Quiseram até as tampas dos sanitários: lembro de um deles andando com uma tampa em volta do pescoço. E os parafusos do chão. Eles tiraram os azulejos das paredes, um a um, e os levaram embora." Relembrou Todd sobre a desmontagem da cervejaria.
Perto do fim da empreitada, os compradores o surpreenderam: "Eles disseram à gerência que queriam que eu fosse para a Coreia do Norte, para montar tudo e começar os processos de fermentação. Mas teria sido um compromisso de dois anos, e eu tinha uma jovem família e não quis ir."

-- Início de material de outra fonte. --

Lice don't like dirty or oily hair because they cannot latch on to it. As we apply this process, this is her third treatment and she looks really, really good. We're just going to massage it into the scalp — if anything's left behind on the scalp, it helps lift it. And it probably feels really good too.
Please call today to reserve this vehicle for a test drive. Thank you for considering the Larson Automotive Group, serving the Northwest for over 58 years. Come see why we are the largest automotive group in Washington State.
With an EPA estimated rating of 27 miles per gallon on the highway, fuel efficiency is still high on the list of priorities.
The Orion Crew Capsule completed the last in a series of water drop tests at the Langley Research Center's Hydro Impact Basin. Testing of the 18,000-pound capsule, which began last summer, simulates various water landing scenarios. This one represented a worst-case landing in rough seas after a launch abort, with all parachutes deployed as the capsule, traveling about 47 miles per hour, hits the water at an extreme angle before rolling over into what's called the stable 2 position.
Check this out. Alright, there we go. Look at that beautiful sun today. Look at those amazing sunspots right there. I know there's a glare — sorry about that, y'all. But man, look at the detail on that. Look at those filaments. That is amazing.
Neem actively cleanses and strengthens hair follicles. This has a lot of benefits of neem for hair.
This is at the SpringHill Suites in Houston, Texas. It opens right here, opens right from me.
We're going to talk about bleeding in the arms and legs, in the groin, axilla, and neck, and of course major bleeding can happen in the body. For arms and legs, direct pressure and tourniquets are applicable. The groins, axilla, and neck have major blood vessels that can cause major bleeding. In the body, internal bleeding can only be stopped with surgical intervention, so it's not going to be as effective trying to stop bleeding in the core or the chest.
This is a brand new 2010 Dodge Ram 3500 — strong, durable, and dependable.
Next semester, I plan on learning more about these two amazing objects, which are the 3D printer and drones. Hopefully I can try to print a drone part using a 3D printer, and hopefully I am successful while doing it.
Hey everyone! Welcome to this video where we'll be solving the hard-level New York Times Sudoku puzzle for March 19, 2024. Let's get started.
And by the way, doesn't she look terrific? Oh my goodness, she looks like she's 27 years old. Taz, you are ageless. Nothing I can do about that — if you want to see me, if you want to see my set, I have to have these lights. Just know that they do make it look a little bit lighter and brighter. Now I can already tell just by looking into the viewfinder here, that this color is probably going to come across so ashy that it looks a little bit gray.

Ainda assim, alguns anos mais tarde Todd pôde saborear uma garrafa de Taedonggang que um jornalista lhe trouxe como suvenir da fábrica em Pyongyang: "Era muito boa, muito melhor do que eu esperava, fiquei admirado. Era fresca, com uma nota final limpa."
Prazer proibido após sanções e pandemia
Os norte-coreanos também são orgulhosos de sua bebida nacional: "Lembro de ficar surpresa de quão 'profundo' o sabor era, pelo menos em comparação com as cervejas japonesas", comenta a norte-coreana Chung Hyon Suk, residente no Japão, que costumava visitar regularmente seu país natal. "Lembro que era mais escura do que a japonesa, com um gosto mais próximo da cerveja inglesa tipo ale."
"Há um monte de cervejarias ao longo do rio Taedonggang, no centro de Pyongyang, e no verão as pessoas vão, lá depois do trabalho, para relaxar e encontrar com os amigos. Meus amigos me contaram que era seu passatempo favorito quando fazia calor, e realmente popular entre a gente jovem."
Infelizmente as sanções contra a Coreia do Norte tornaram quase impossível comprar a cerveja no exterior, lamenta Chung. E com o fechamento da fronteira com a China, devido à pandemia de covid-19, ficou ainda mais difícil encontrar a Taedonggang no exterior.